The original post: /r/homelab by /u/ABLPHA on 2025-02-03 10:40:12.

Hello!

I’ve been contemplating a homelab for a while now, most likely with TrueNAS Scale EE as the OS for containers, home surveillance, multiple-HDD storage, file/game/web hosting, and maybe even LLM inference if I can get myself to actually spend money on a used 3090 lol.

But I can’t quite land on what socket to use.

So far, I’ve figured - the more threads, the more containers I’ll be able to run. I’ve been running a Xeon E5 2667 v4 from AliExpress on my main PC for a few months now and it’s been quite good, so I’ve decided to take a look at other Xeons on LGA 2011-3, and I found a lot of 16, 20, even 22 core ones, all of which seem to have a reasonable 2.2-2.4 ghz base clock and boosts of up to 3.6 ghz. Most of these are easily obtainable on AliExpress (except for E5 2699A v4, this one’s ouch levels of expensive lol), and I could even find a few very cheap dual CPU config mobos, so I’m looking at a potential 64-88 threads build with this socket.

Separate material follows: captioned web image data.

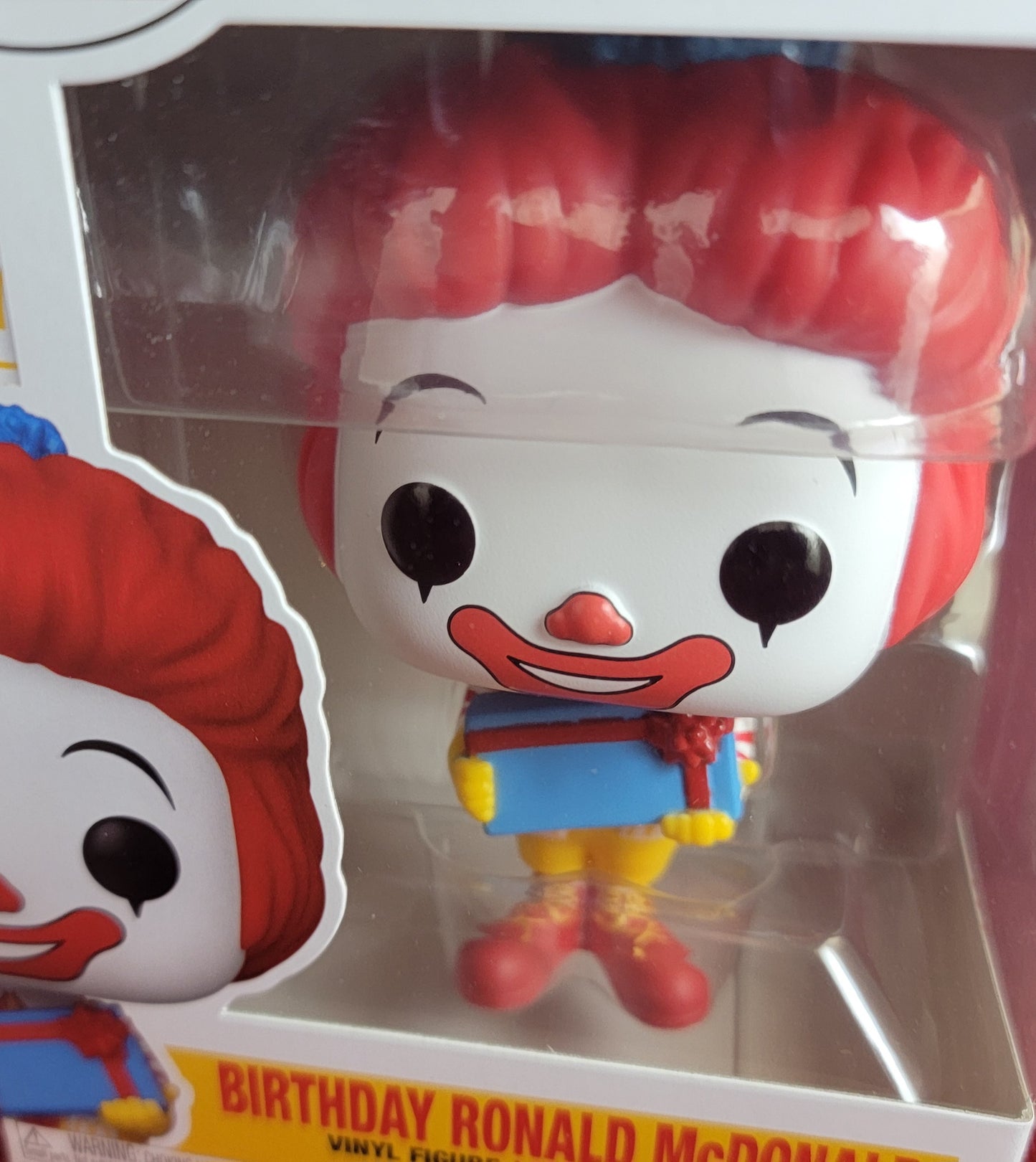 Birthday Ronald Mcdonald funko # 180 (nib)
With pop protector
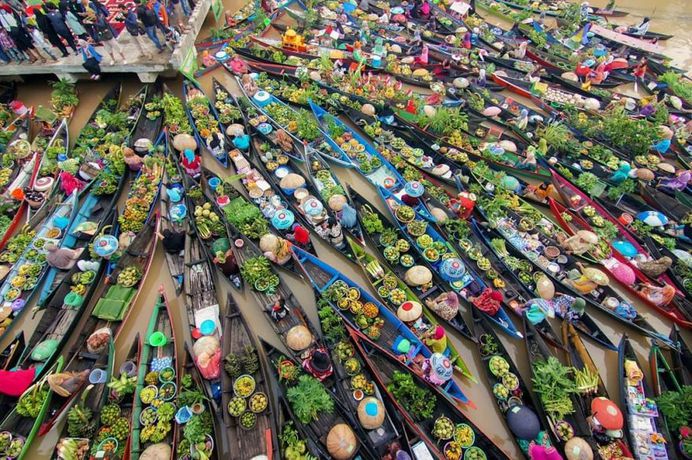 Spectacular Photos of Colorful Floating Market in Indonesia by Hendry Hamim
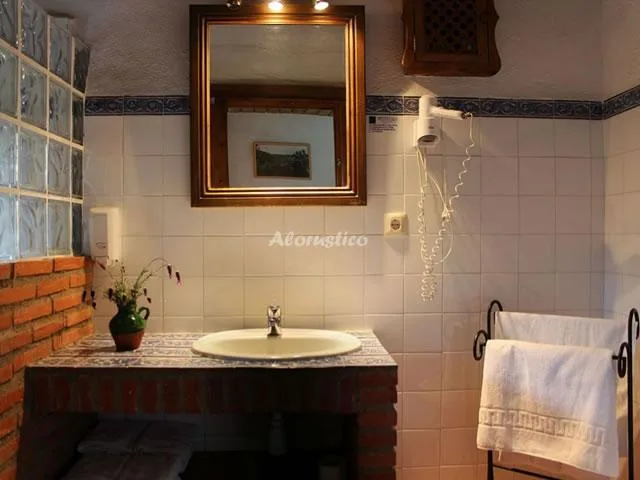 EL JINIEBRO-CASA EL TINAO en VALENCIA DE ALCÁNTARA — miniatura 9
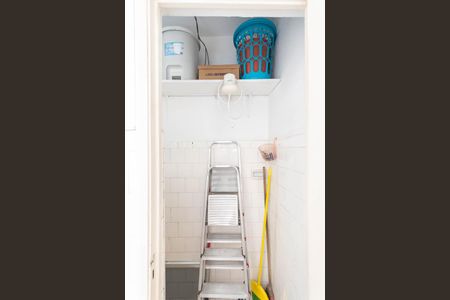 Apartamento à venda com 80m², 2 quartos e sem vagaBanheiro de serviço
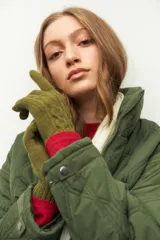 Guantes de punto de lana en color gris, con diseño clásico y puños acanalados.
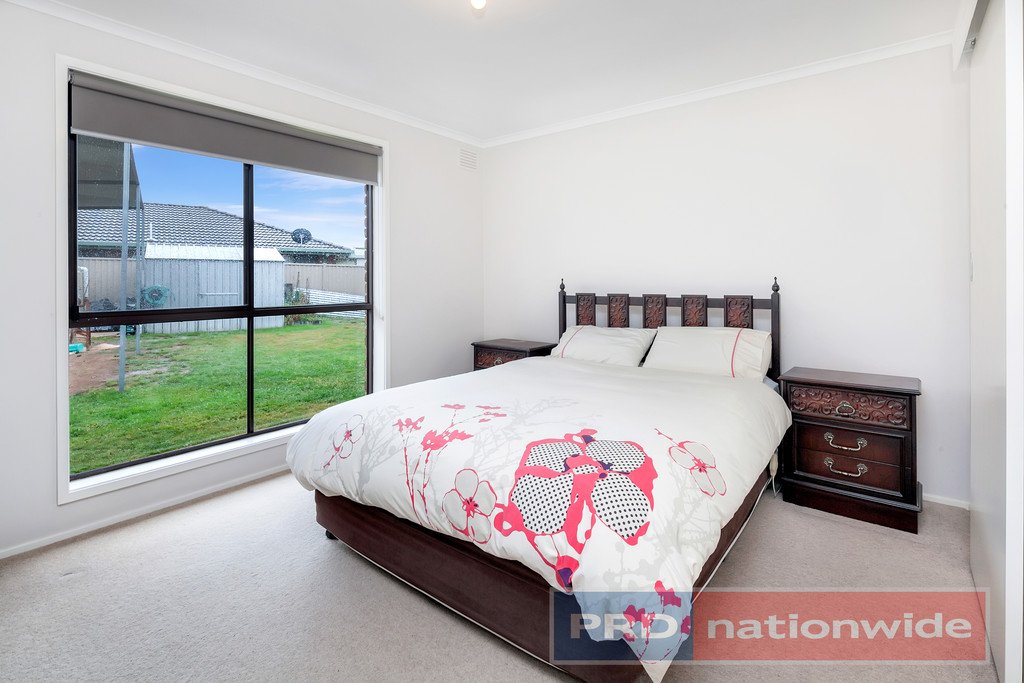 1 Rowan Parade WENDOUREE 4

But does this even make sense? Does this many cores have any benefit over a good single core performance CPU? I’ve seen some benchmarks suggesting that a Ryzen 5 5600X would basically be twice the single core performance of an already hard-to-get 2699A v4, while being only slightly worse in multi-core, but that seems like an incredible difference for a 6 core CPU vs 22 cores one, which doesn’t sound right to me.

I’ve also taken a look at LGA 2066 Xeons, and it seems to be more or less the same story as with that Ryzen - way less cores, but a very good single core performance.